Haggis is probably one of the oldest dishes from these islands (perhaps excepting mammoth carpaccio); it is thought that the Romans brought over the recipe, or as near as damn it.   Their army, with carefully-thought through provisioning that could be carried and eaten on the march, must have been the BC equivalent to the Yanks with tinned food in the Great War.   Nobody seems to know when it sealed its reputation as a Scottish dish, but it pops up in the earliest English cookery.  Dorothy Hartley in Food in England gives a 1300 recipe for it, involving a pluck, tallow and womb, and if this isn’t offputting enough, a picture showing “pluck boiling, with wind pipe hung out.”  There is a similar recipe, recorded by one of Richard II’s cooks in the earliest surviving English cookbook, The Form of Cury (cookery) from 1390.

I was inspired to make haggis for this Burns Night, for rather more prosaic reasons than historical enquiry; I was itching to try out a recipe in Jamie’s Great Britain; the Burns Night supper at our local was oversubscribed; and I thought it would impress my Scottish boyfriend. 

Jamie’s recipe is long but unthreatening; the pluck, tallow and tripe are replaced by nothing more unusual than liver, kidneys and heart.  By the time you add the spices – allspice, cloves and black pepper – it has that definably “warm-reeking” haggis smell.   When you add the toasted oatflakes, it starts to bubble and makes hilarious farty noises like a child trying to annoy the grown-ups; and this mixture of meat and cereal is probably the only relic we have of that pre-potato staple, pottage.  Gervase Markham, in a chapter called “On the Excellency of oats”  praises them for meat pottage and goes onto recommend mixing them with blood and liver which “maketh that pudding which is called the haggas or haggus” (The English Housewife, 1615). 

Jamie keeps it as a stew or covers it with neaps and tatties as a pie.  This, however, wouldn’t have served for the tradition of reading Burns ‘To a Haggis’ and plunging the knife into it “Trenching your gushing entrails bright” so that the insides, “warm-reeking, rich!” come oozing out. 

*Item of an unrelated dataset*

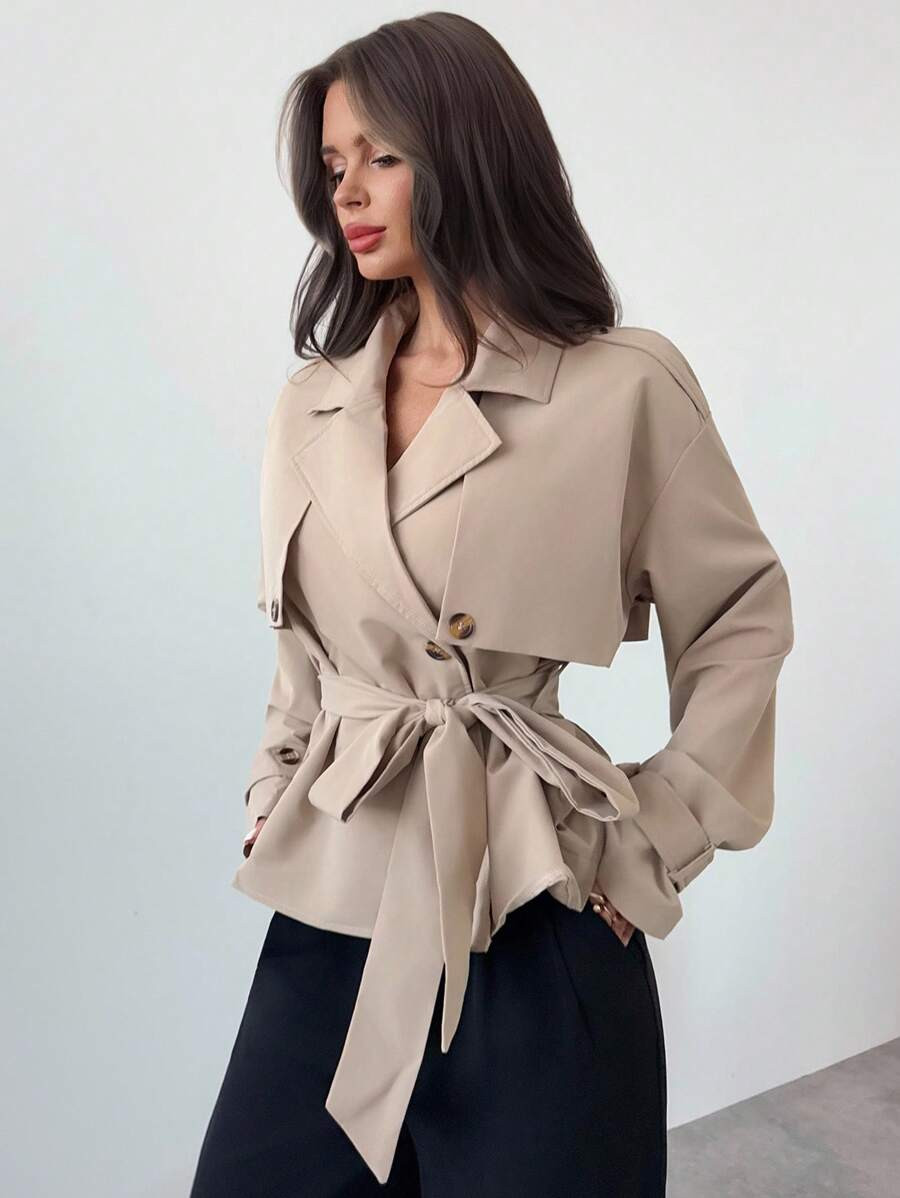 Firerie Women Trench Coats,Graduation,Teacher,Back To School In Autumn/ Office Business Khaki Ellegant Casual | SHEIN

I found natural haggis ‘caps’ from a wonderful company called www.weschenfelder.co.uk , which was established by the owner’s German grandfather who was appalled by soggily cased British sausages.  The casings arrived, packed and salted, in the post.  Desalting in a bowl of water they turned out to be intestines, sealed at one end, like alarmingly large condoms.  Packing them with haggis mix and tying the ends with string turned out to be easy, so long as you are not put off by the slight slime and smell (or the holes in my jumper).

 

 Just one yielded up a white, wormy sausage enormous enough for eight of us (with enough leftover mixture for the faint hearted which might include myself).  

I set it to boil gently and set about the neeps and tatties and putting out those other Scottish delicacies for pudding, Orkney cheddar and those iconic Glaswegians, Tunnocks caramel wafers .  As it bubbled away, the casing expanded gently, promising a pleasing Burns moment… and then burst with a loud bang.  By the time I got to it I had a pan full of runny haggis mixture, with a huge condom waving apologetically around. 

Some of the remaining mixture stuffed in the spare casing and boiled for a few minutes made for an instant, poppable (if not sufficiently cooked to be quite hygienic) haggis balloon, though.  Our Burns night experience was saved. 

The eight varieties of malt whisky – and the eight varieties of Scottish accents employed to read Burns poems – helped too.